EMT Miocene structure seismic section, comparing (A) The result of the Post drilling reprocessed seismic section with (B) The pre- drilling seismic section.

EMT-1 fluid substitution gas sand shows ideal gas separation signature on the density-neutron logs (Fig. 19). The AI of the gas sand and AVO seismic response is gas sand Class II or III at depths 2830 m and 3067 m don’t follow the expected trends of the Stage 3 (Fig. 20B). The 2D synthetic seismic model for the structure was constructed using the 50% gas-substituted EMT-1 well as the top gas sand above the spill point of the structure represented by soft event “trough” and beneath the spill point the in-situ logs (wet sand) used which represented by hard event “peak”. The results indicate a phase reversal above the structural spill point at the water leg, as represented by the peak, which becomes soft and converted to a trough for the gas sandstone. This scenario shows that the gas sand clearly exhibits a bright spot, which behaves the opposite seismic response of the pre-drill concept (Fig. 22).

Conclusions

  • The Eastern Mediterranean Miocene Section is a principal source for both discovered and prospective gas within the Nile Delta Cone and Levant Basin.

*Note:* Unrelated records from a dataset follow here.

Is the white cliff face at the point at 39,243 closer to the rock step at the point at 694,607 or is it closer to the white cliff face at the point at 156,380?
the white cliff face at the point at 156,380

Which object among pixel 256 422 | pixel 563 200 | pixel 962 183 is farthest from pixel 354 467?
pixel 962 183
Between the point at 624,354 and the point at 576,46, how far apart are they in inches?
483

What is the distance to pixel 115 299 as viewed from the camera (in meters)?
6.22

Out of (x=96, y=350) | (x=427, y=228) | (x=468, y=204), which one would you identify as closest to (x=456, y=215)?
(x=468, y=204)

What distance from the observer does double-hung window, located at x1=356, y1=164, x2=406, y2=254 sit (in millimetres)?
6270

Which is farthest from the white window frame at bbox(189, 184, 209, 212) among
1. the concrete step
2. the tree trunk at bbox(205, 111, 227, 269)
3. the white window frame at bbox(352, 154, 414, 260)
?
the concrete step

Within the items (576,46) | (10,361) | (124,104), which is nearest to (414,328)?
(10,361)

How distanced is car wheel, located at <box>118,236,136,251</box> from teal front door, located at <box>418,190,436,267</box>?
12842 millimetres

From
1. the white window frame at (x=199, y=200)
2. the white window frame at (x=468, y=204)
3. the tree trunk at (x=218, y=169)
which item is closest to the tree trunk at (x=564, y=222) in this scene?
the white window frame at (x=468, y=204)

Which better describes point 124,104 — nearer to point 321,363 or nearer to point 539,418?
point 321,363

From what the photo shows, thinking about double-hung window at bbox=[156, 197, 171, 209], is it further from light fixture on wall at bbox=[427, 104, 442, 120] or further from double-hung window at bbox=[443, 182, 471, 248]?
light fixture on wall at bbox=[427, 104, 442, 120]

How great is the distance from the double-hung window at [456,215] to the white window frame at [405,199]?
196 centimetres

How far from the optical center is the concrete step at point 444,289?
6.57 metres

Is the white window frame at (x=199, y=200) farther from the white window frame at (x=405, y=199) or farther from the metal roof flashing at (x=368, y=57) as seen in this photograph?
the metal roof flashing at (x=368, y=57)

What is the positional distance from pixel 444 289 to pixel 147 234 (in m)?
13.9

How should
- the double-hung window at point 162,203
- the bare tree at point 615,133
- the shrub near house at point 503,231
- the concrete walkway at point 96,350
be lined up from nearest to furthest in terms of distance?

  • The Miocene sections consist of different sedimentary environments comprised of turbidite slope deposits, basin floor fans, and channel sands, and capped by the Messinian Salinity Crisis evaporites.

  • A study of rock properties for the different Miocene reservoirs and sections revealed the possibility of heterogeneity-induced ambiguity within the seismic response (Non-unique AI behavior observed as a function of depth).

  • This study concluded that the Early Miocene reservoir's dim-out amplitude of the pre-drill EMT-1 seismic data is not due to the presence of gas.

  • Readjust the processing velocity model of the Messinian salt confirms that there is no change of the seismic amplitude through the EMT-1 structure, as well as the post-drill in-situ well logs data forward model of the wet sandstone at depths 3580 and 3817.

  • The EMT-1 fluid replacement model assumes the gas saturation SG = 50% and is characterized by a bright, soft “trough” of AVO gas sandstone Class II or III.

  • Seismic data DHI features are not necessarily related to hydrocarbon accumulation.

  • Seismic QI analysis could be useful in reducing seismic processing uncertainty.

  • AVO, seismic signature, and AI trend with depth don't have a unique solution for the different Miocene reservoirs.

  • Proper seismic acquisition planning and appropriate processing techniques are vital tools for successful seismic interpretation with the ultimate goal of hydrocarbon discovery.